Yurgel v. Yurgel

FASTRACK APPEAL GARRETT, Judge.

Appellant-wife appeals the trial court’s order dismissing her supplemental petition for modification for lack of “subject matter” jurisdiction.

The Final Judgment, entered in March, 1986, among other things, dissolved the marriage and ordered the primary residence of their children to be with appellee-husband in New York. The children left Florida in August, 1986.

In December, 1986, during the pendency of an appeal of the Final Judgment, wife petitioned to modify the custody provisions of the Final Judgment and moved for emergency relief to stay the children’s return to New York after a Christmas vacation visit to Florida. The emergency relief was denied.

In May, 1987, this court affirmed the Final Judgment.

During the next six months, husband filed several notices to hear his “Motion to Dismiss Wife’s Petition for Modification” but no hearing was held.

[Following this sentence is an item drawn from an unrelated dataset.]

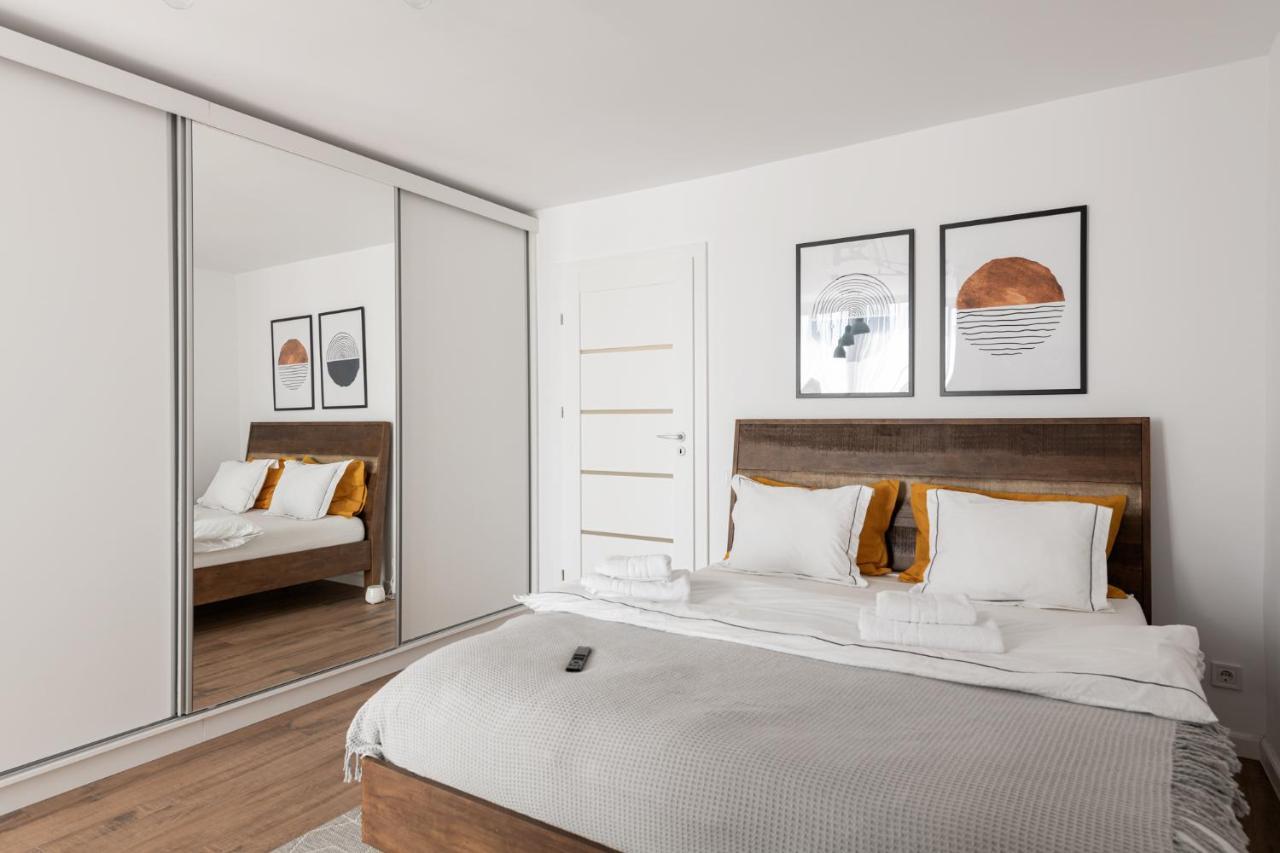 Moon Apartments คลูจ-นาโปกา ภายนอก รูปภาพ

In November, 1987, wife filed an “Amended Supplemental Petition for Modification.” Husband countered by filing another motion to dismiss which was denied in January, 1988.

Before the scheduled December, 1988 final hearing and after denying husband’s motion for summary judgment, the trial court on its sua sponte motion denied wife’s supplemental petition.

We affirm in part and reverse in part.

Florida Circuit Courts have “subject matter” jurisdiction over child custody proceedings. § 26.012, Fla.Stat. (1987).

Section 61.1308, Florida Statutes (1987), the Uniform Child Custody Jurisdiction Act (U.C.C.J.A.), determines whether a Florida Circuit Court can determine interstate child custody in a particular case. The basis to so decide is “home state” or “significant connection” jurisdiction.

The U.C.C.J.A. recognizes “home state” jurisdiction when Florida is home to the child at the time of the commencement of the initial or modification proceeding, or when Florida had been the child’s home within six months before commencement of the proceedings and the child is no longer in Florida at such commencement because someone claiming custody has taken the child out of this state but a parent remains in Florida. § 61.1308(l)(a), Fla.Stat. (1987).

The trial court correctly found the lack of “home state” jurisdiction (although mislabeled “subject matter” jurisdiction).

At the time wife filed her petition to modify, the children did not live in Florida.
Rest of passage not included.